Um dever de lealdade tem consequentemente implícito um pacto de lealdade, aliás um verdadeiro contrato com esse triângulo virtuoso – e virtuoso também e ainda, mesmo quando o nosso olhar subjectivo sobre “certos” visados não resiste à tentação da desqualificação cívica e à depreciação do carácter, como é tantas vezes patente na informação sobre casos de justiça.

Esse contrato assenta existe porque a contraprestação pelo serviço dos media e dos jornalistas não se circunscreve à mera aquisição do bem de consumo que é o jornal impresso ou a audiência de rádio ou televisão, na medida em que está emanente à nossa relação profissional com esse triângulo, um bem que, não sendo transacionável, constitui, na verdade, o capital de maior importância – a credibilidade dos media e dos jornalistas.
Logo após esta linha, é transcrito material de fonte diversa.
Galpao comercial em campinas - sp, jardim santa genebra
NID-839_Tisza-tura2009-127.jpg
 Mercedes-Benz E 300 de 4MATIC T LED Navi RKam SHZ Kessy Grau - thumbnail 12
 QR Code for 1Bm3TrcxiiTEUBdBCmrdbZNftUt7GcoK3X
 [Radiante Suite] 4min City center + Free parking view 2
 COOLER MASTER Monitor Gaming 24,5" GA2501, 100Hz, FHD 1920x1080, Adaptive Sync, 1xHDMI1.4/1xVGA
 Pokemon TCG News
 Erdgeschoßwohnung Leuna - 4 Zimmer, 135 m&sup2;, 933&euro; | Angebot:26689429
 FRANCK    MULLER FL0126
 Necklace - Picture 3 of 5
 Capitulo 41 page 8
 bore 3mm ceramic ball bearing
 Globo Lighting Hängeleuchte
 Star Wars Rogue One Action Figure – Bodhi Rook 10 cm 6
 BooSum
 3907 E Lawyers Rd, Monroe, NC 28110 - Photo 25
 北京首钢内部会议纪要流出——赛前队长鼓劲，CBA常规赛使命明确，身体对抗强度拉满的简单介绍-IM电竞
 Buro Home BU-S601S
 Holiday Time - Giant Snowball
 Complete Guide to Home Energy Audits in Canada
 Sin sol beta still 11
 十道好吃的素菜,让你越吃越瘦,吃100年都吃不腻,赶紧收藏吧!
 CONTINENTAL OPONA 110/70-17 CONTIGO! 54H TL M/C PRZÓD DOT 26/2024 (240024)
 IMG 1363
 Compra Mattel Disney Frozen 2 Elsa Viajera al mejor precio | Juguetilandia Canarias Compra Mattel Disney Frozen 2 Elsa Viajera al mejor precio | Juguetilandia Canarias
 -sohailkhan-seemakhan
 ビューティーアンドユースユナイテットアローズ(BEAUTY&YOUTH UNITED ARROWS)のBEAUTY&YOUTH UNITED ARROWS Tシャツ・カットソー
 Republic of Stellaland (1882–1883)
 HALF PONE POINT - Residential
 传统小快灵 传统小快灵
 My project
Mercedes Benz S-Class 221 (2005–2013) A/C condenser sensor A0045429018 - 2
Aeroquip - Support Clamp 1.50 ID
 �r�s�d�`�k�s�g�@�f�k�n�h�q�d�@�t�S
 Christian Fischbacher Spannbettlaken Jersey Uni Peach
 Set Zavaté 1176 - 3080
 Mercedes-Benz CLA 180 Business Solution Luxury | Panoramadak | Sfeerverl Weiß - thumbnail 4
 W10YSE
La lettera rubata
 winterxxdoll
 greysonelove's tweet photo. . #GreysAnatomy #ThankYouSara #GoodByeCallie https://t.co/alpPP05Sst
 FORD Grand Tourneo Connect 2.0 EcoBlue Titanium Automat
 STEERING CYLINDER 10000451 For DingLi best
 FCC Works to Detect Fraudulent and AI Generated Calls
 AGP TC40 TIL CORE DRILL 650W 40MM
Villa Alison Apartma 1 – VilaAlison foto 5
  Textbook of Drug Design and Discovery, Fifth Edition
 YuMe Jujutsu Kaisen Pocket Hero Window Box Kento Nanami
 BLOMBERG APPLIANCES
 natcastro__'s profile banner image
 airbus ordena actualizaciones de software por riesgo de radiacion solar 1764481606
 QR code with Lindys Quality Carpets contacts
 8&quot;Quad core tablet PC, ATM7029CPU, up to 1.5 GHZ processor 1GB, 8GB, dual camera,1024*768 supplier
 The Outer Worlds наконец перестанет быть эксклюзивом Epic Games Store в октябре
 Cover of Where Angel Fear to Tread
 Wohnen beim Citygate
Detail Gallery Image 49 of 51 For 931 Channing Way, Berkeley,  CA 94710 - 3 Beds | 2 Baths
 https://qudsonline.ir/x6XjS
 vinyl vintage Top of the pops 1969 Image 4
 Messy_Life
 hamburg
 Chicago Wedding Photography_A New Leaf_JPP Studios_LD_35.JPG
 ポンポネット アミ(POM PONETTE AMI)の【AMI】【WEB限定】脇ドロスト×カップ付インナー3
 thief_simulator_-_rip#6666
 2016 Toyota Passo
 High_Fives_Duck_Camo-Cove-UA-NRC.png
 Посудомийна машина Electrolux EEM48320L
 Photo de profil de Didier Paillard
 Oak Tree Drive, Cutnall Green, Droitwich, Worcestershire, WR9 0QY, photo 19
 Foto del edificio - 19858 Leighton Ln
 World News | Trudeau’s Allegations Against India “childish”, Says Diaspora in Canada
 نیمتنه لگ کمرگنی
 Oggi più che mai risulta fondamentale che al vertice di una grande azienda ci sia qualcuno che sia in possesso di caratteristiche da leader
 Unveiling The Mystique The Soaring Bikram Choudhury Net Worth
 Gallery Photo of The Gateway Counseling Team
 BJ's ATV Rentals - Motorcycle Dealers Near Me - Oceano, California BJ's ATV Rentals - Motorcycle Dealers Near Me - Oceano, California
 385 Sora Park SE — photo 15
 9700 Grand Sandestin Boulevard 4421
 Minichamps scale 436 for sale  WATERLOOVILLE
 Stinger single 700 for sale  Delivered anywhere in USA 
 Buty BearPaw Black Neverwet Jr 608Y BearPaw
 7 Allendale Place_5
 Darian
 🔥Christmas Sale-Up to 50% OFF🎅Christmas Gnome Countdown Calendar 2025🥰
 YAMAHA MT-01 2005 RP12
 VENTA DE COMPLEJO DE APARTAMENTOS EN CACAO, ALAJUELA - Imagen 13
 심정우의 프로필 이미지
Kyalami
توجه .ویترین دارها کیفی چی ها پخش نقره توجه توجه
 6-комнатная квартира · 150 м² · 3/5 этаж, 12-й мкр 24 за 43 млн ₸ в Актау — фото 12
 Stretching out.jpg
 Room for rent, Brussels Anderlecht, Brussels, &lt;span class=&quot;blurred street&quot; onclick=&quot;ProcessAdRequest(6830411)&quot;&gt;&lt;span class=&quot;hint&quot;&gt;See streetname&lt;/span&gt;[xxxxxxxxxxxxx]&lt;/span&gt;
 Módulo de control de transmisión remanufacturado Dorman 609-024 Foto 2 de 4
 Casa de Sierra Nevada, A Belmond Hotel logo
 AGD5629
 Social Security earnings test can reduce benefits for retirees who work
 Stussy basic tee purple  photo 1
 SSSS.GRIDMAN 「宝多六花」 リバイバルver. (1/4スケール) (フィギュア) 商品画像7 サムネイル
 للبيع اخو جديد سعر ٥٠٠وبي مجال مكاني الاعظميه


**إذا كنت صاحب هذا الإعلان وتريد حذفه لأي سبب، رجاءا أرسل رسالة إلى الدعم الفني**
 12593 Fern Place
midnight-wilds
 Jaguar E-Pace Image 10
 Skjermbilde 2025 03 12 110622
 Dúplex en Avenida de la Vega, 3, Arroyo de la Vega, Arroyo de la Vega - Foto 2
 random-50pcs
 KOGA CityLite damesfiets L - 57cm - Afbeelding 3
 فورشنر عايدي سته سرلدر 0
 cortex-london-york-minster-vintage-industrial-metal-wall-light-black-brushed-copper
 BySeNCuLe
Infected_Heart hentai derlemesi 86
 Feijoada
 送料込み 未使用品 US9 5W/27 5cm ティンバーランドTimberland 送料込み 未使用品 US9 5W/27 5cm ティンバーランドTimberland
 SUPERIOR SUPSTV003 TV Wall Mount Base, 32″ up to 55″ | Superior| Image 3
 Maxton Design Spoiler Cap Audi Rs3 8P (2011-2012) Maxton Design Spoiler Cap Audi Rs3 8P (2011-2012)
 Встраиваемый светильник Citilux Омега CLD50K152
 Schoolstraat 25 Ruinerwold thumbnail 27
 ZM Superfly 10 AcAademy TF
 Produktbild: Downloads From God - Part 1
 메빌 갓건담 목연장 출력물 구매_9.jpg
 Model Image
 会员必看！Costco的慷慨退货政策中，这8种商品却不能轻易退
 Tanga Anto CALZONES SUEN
De modo que o público, as fontes e os próprios visados sabem retribuir o nosso trabalho com o reconhecimento da nossa credibilidade, renovando a confiança na nossa missão e revalidando a outorga de legitimidade do serviço ao interesse público, que é o núcleo central e irrenunciável da nossa profissão, balizada por uma deontologia – uma ciência dos deveres! – que vai além das próprias normas jurídicas e que justamente legitima a nossa intervenção no espaço público.

É por isso que costumamos dizer que o primeiro compromisso do jornalista é para com a verdade – condição essencial da lealdade. Mas a verdade não pode ser alcançada a qualquer preço, pois há circunstâncias – e são muitas – em que a busca da verdade pode ter de ceder perante direitos e valores que não podem ser sacrificados.

Por exemplo, a transcrição de escutas existentes em processos, e especialmente até as deixadas fora deles por penalmente irrelevantes, constitui um acto extraordinariamente arriscado, e tantas vezes de utilidade duvidosa, do ponto de vista do interesse público, para não dizer uma violação desproporcionada e gratuita de garantias dos cidadãos e dos seus mais elementares direitos de personalidade, que causa compreensível perplexidade aos cidadãos.

É certo que há decisões de tribunais, algumas até recentes, reconhecendo o relevante interesse público do traslado de certas transcrições para a imprensa, mas que isso não sirva de biombo de legitimidade para ocultar uma prática que nos deve manter alerta: a devassa em duplicado, e além do mais alcançando uma amplitude pública de grandes proporções, de conversações tidas na convicção de que se encontravam ao abrigo da curiosidade alheia e cujo conteúdo pode não ser exclusiva ou predominantemente ilícito.

Uma conversação privada – telefónica ou presencial – é um reduto essencial da privacidade que duas ou mais pessoas livremente decidem partilhar entre si, a tal ponto que o seu conteúdo pode abranger até aspectos mais profundos da intimidade dos interlocutores, mutuamente consentido na convicção de que a envolve uma indestrutível cápsula de segredo.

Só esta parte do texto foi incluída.